SpaceX to launch 21 Starlink satellites on Falcon 9 rocket from Cape Canaveral
2025-03-01 来源: spaceflightnow.com
A Falcon 9 rocket stands at the ready to support the Starlink 10-4 mission, which will launch from Space Launch Complex 40 at Cape Canaveral Space Force Station on July 28, 2024. Image: Adam Bernstein/Spaceflight Now

SpaceX is preparing to launch its first Falcon 9 rocket of the month and its first Starlink flight since reportedly reaching 5 million subscribers for the satellite internet service.

Liftoff of the Starlink 12-20 mission from pad 40 at Cape Canaveral Space Force Station is set for 9:24 p.m. EST (0224 UTC). This will be SpaceX’s 26th Falcon 9 rocket launch of the year.

Spaceflight Now will have live coverage beginning about an hour prior to liftoff.

SpaceX will use the Falcon 9 first stage booster, tail number B1086, to launch the mission. It will fly for a fifth time after launching as a side booster on the Falcon Heavy GOES-U mission and then as a Falcon 9 booster for the third pair of Maxar’s WorldView Legion satellites and two Starlink missions.

A little more than eight minutes after liftoff, B1086 will target a landing on the SpaceX droneship, ‘Just Read the Instructions.’ If successful, this will be the 112th booster landing on JRTI and the 415th booster landing to date.

Among the 21 Starlink satellites on board, there are 13 that feature Direct to Cell capabilities. To date, SpaceX has launched more than 500 of these DTC capable satellites.

Starlink published a short video to its X account, marking the 5 million subscriber milestone, but the video visible now wasn’t the original. The first version of the video published included an image at the 39-second mark, which some speculated was an image of two Starshield satellites, the government variant of Starlink.

All of the missions for the National Reconnaissance Office’s proliferated architecture constellation, which are reportedly populated by these Starshield satellites, feature launch broadcasts that intentionally don’t show the moment of satellite deployment.

If the two satellites in the now removed video are Starshield, it would be the first known released images of these satellites.
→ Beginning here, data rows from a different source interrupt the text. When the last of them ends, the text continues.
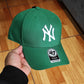 47brand New York Yankees Green mvp Snapback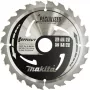 Makita Specialized EFFICUT - diskinis pjūklas - medžiui, metalui - 190 mm - 24 dantys (B-64191)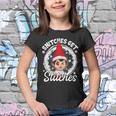 Snitches Get Stitches The Elf Xmas Funny Christmas Youth T-shirt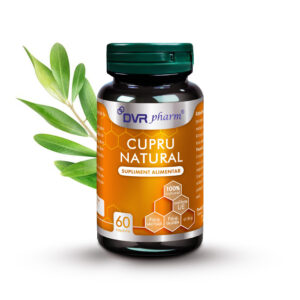 Natural copper - 60 capsules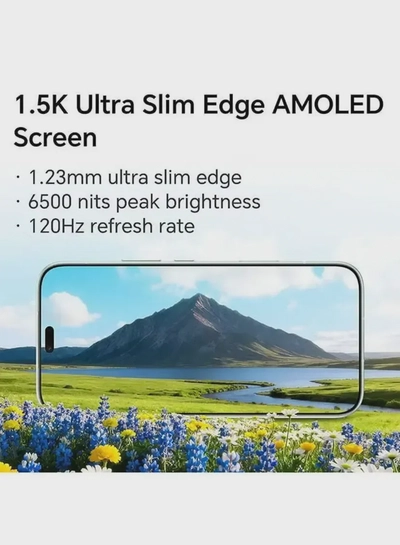 Honor 600 Lite Dual SIM 5G Velvet Grey 8GB RAM 256GB - Middle East Version-7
SpaceX has not issued a statement on the reason it took down the original video or why it swapped out that image for a clip of Starlink satellite deployment.

Launch delays

Meanwhile, at Vandenberg Space Force Base in California, SpaceX is still working through an unspecified issue connected to the Falcon 9 rocket set to launch NASA’s SPHEREx and PUNCH spacecraft.

The mission was originally scheduled to launch February 27, but has now been delayed three times because of the rocket.

In its latest blog update, NASA announced the mission would launch no earlier than Tuesday, March 4. The agency stated that “teams need additional time to evaluate launch vehicle hardware data.”

SPHEREx (Spectro-Photometer for the History of the Universe, Epoch of Reionization and Ices Explorer) will conduct an all-sky spectral survey of the sky over a planned two-year mission. PUNCH (Polarimeter to Unify the Corona and Heliosphere) is a collection of four satellites the will create “3D observations of the entire inner heliosphere to learn how the Sun’s corona becomes the solar wind,” according to NASA.